* _EXERCISE GOAL_: Print a faithful copy of the data below, word for word, with the pictures left out.

──────── RECORDS SUPPLIED

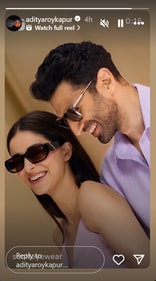 Aditya Roy Kapur shared eyewear ad with Ananya Panday amid breakup rumours. Aditya Roy Kapur shared eyewear ad with Ananya Panday amid breakup rumours.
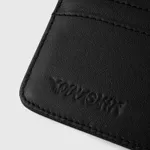 Кардхолдер Ymkashix Гладкая кожа черный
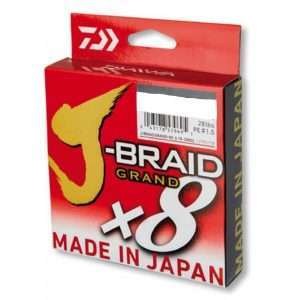 Daiwa J-Braid Grand 8-Braid, 1500m, multicolor, braided fishing line 0.06mm / 5kg / 11lbs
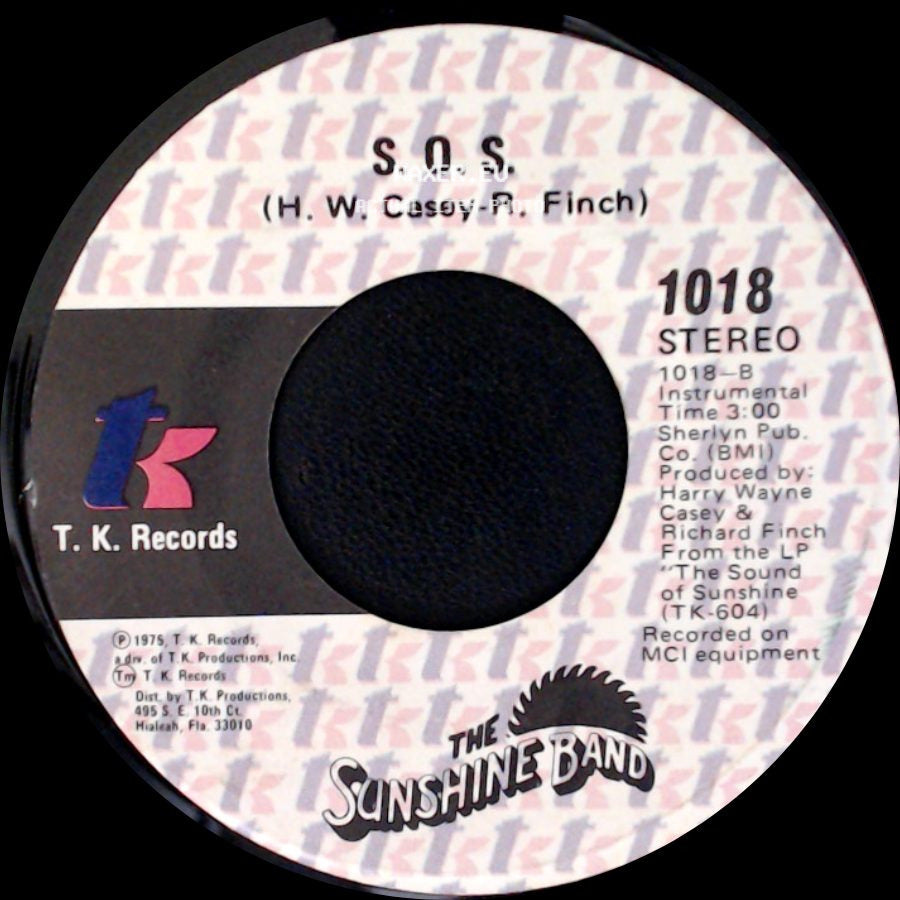 The Sunshine Band - S.O.S. / Rock Your Baby side A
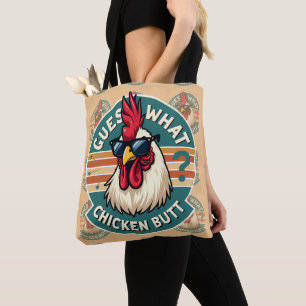 Tote Bag Conception drôle de blague de poulet rétro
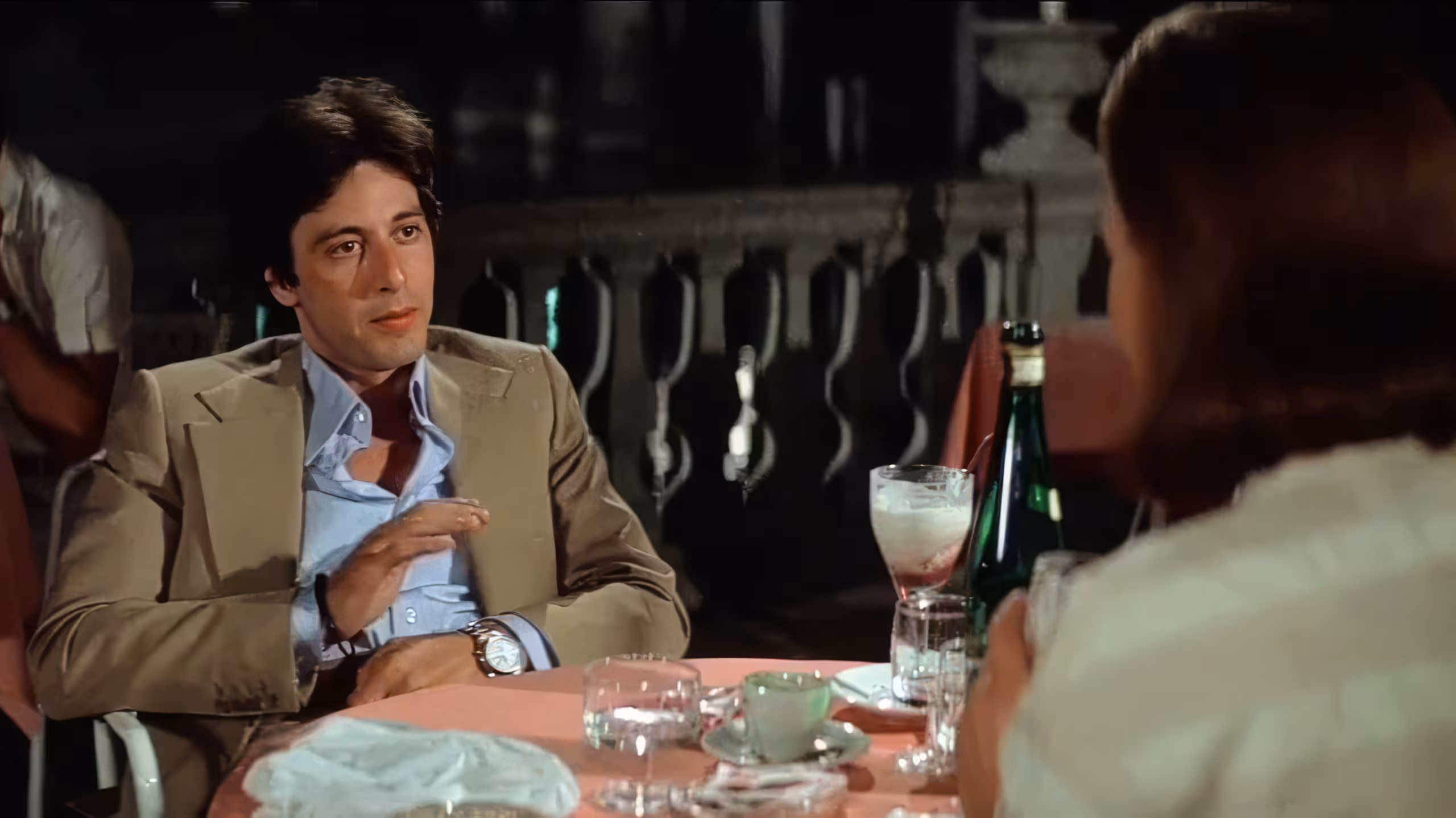 Al Pacino wearing Seiko 6139-7100 in Bobby Deerfield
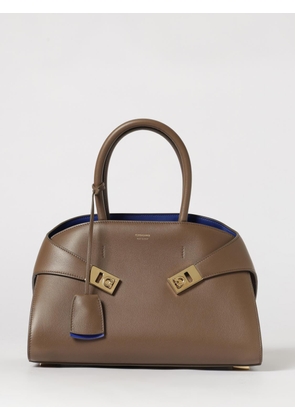 Handbag FERRAGAMO Woman color Brown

────────────────

* _ANSWER TO THE PROBLEM_:
 Aditya Roy Kapur shared eyewear ad with Ananya Panday amid breakup rumours. Aditya Roy Kapur shared eyewear ad with Ananya Panday amid breakup rumours.
 Кардхолдер Ymkashix Гладкая кожа черный
 Daiwa J-Braid Grand 8-Braid, 1500m, multicolor, braided fishing line 0.06mm / 5kg / 11lbs
 The Sunshine Band - S.O.S. / Rock Your Baby side A
 Tote Bag Conception drôle de blague de poulet rétro
 Al Pacino wearing Seiko 6139-7100 in Bobby Deerfield
 Handbag FERRAGAMO Woman color Brown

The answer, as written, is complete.